Theoretical guarantees for lifted samplers

TL;DR

This paper provides theoretical guarantees showing that lifted samplers, a class of MCMC methods, cannot have their asymptotic variances increase by more than a factor of two, regardless of the target distribution or algorithm specifics.

Contribution

It offers a general theoretical analysis demonstrating an upper bound on the variance increase for lifted samplers across various algorithms and target distributions.

Findings

Asymptotic variances cannot increase by more than a factor of 2 with lifted samplers.

The result applies broadly to different types of lifted samplers derived from various algorithms.

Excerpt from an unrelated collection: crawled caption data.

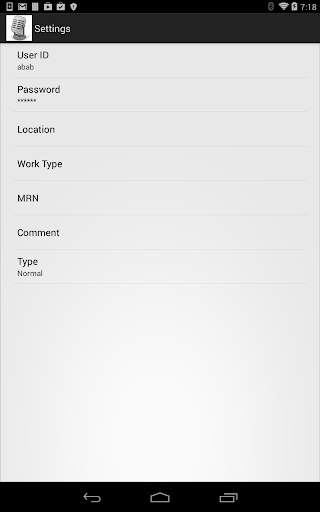Mobile Transcription screenshot 4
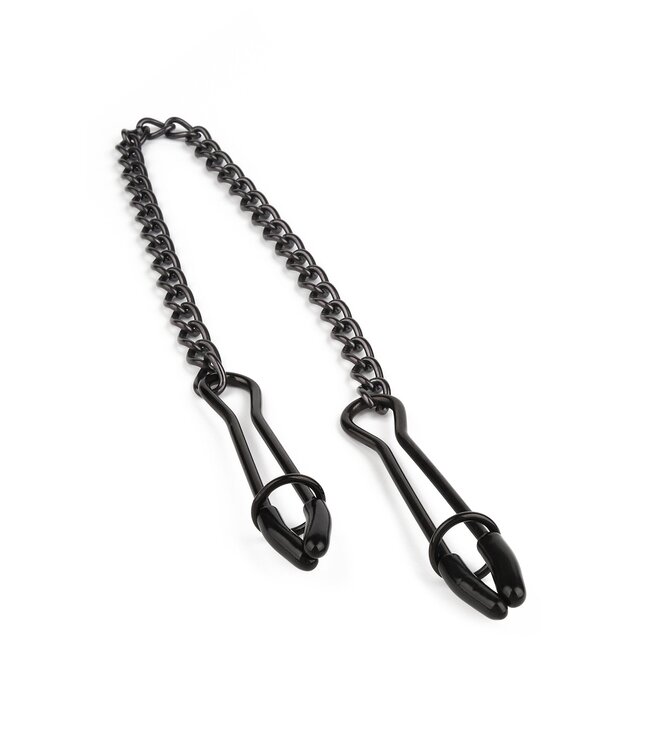 Mr. Steel Tweezer Nipple Clamps Black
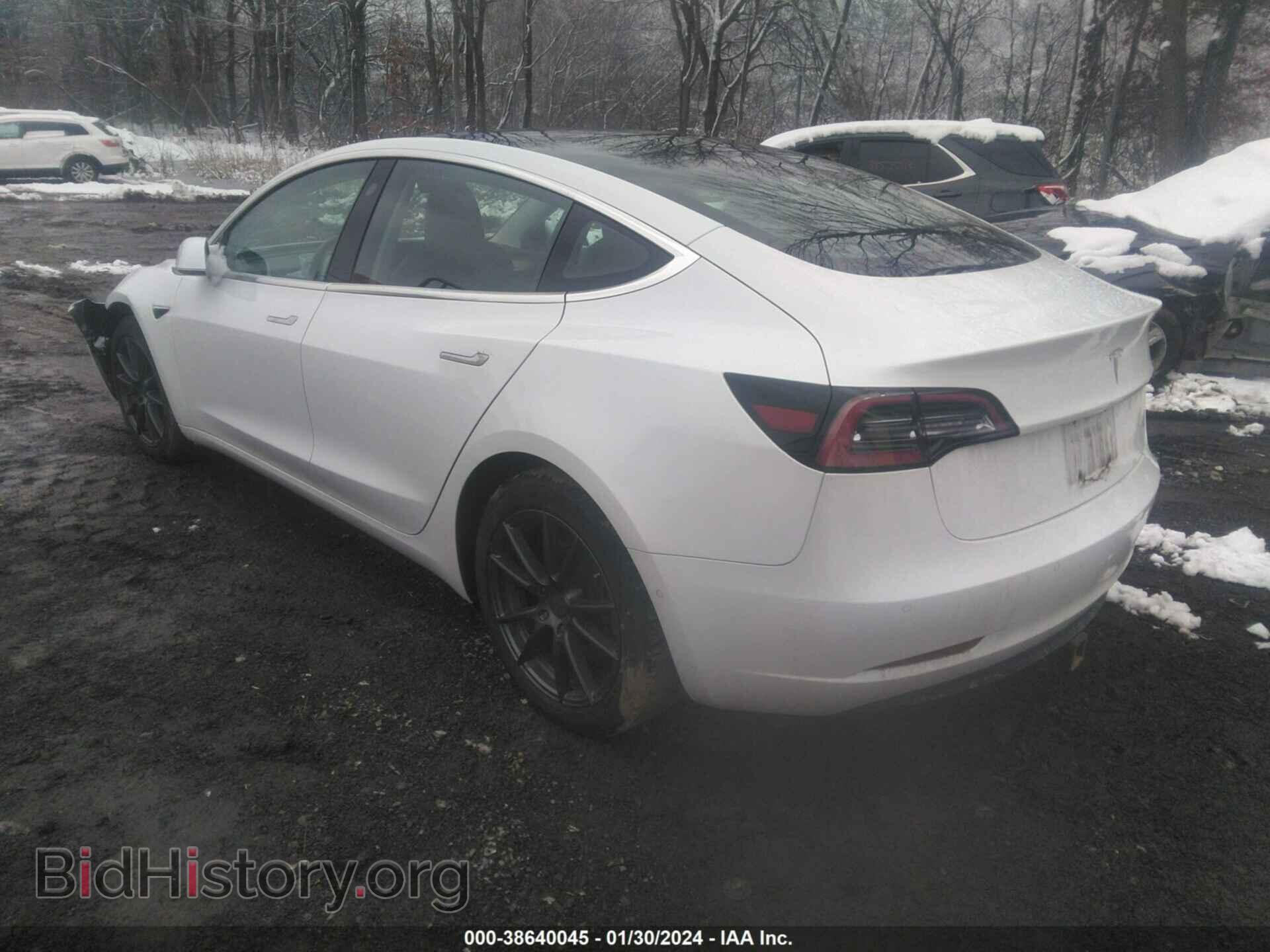 2018 TESLA MODEL 3 - VIN: 5YJ3E1EA6JF057652 - Фото 3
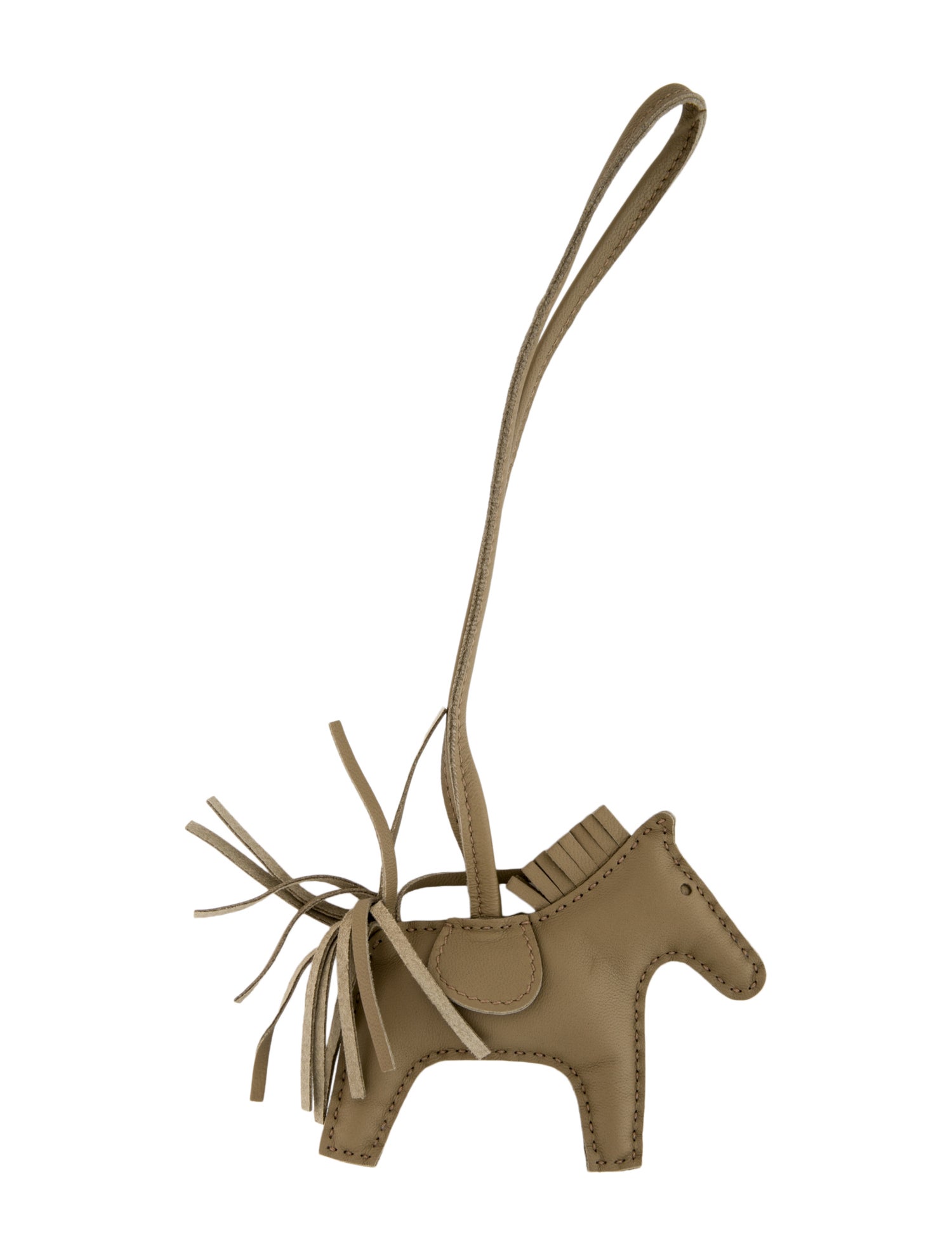 Hermès 2023 Milo GriGri Rodeo Bag Charm PM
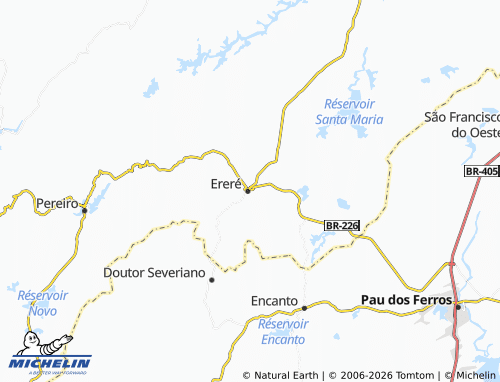 Mappa MICHELIN Ipiranga - ViaMichelin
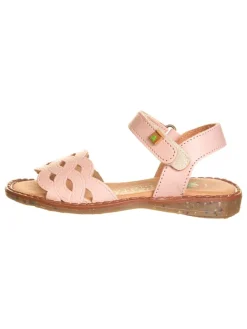 Leder-Sandalen "Atenas" in Rosa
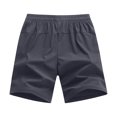 thumbnail image 5 of Vetsdori Summer Shorts for Men Workout Short Pants Breathable Pocket,Athletic Shorts Dry Fit Elastic Waist Plain Ropa Mens Shorts Sports,Size XXXL, 5 of 8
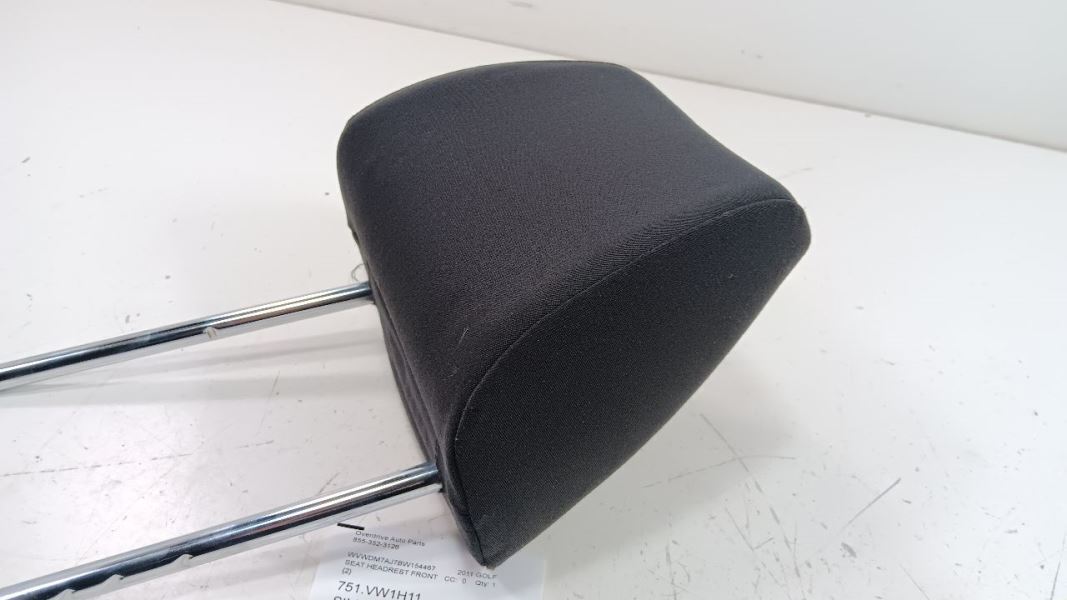 Volkswagen Golf Seat Headrest Front Head Rest 2010 2011 2012 2013 2014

Lifted samplers have limited potential for variance increase, indicating they are generally safe to use.

Abstract

Lifted samplers form a class of Markov chain Monte Carlo methods which has drawn a lot attention in recent years due to superior performance in challenging Bayesian applications. A canonical example of lifted samplers is the one that is derived from a random walk Metropolis algorithm for a totally-ordered state space such as the integers or the real numbers. The lifted sampler is derived by splitting into two the proposal distribution: one part in the increasing direction, and the other part in the decreasing direction. It keeps following a direction, until a rejection occurs, upon which it flips the direction. In terms of asymptotic variances, it outperforms the random walk Metropolis algorithm, regardless of the target distribution, at no additional computational cost. Other studies show, however, that beyond this simple case, lifted samplers do not always outperform their Metropolis counterparts. In this paper, we leverage the celebrated work of Tierney (1998) to provide an analysis in a general framework encompassing a broad class of lifted samplers. Our finding is that, essentially, the asymptotic variances cannot increase by a factor of more than 2, regardless of the target distribution, the way the directions are induced, and the type of algorithm from which the lifted sampler is derived (be it a Metropolis--Hastings algorithm, a reversible jump algorithm, etc.). This result indicates that, while there is potentially a lot to gain from lifting a sampler, there is not much to lose.